- **WHAT YOU NEED TO DO**:
Please print the full listing exactly.

- **SUPPLIED MATERIAL**:
——

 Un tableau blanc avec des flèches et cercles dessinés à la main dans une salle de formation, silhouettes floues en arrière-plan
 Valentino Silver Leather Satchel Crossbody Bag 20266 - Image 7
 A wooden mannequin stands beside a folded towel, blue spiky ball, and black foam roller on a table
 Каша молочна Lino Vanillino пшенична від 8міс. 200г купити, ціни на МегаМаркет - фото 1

——

- **EXERCISE ANSWER**:
 Un tableau blanc avec des flèches et cercles dessinés à la main dans une salle de formation, silhouettes floues en arrière-plan
 Valentino Silver Leather Satchel Crossbody Bag 20266 - Image 7
 A wooden mannequin stands beside a folded towel, blue spiky ball, and black foam roller on a table
 Каша молочна Lino Vanillino пшенична від 8міс. 200г купити, ціни на МегаМаркет - фото 1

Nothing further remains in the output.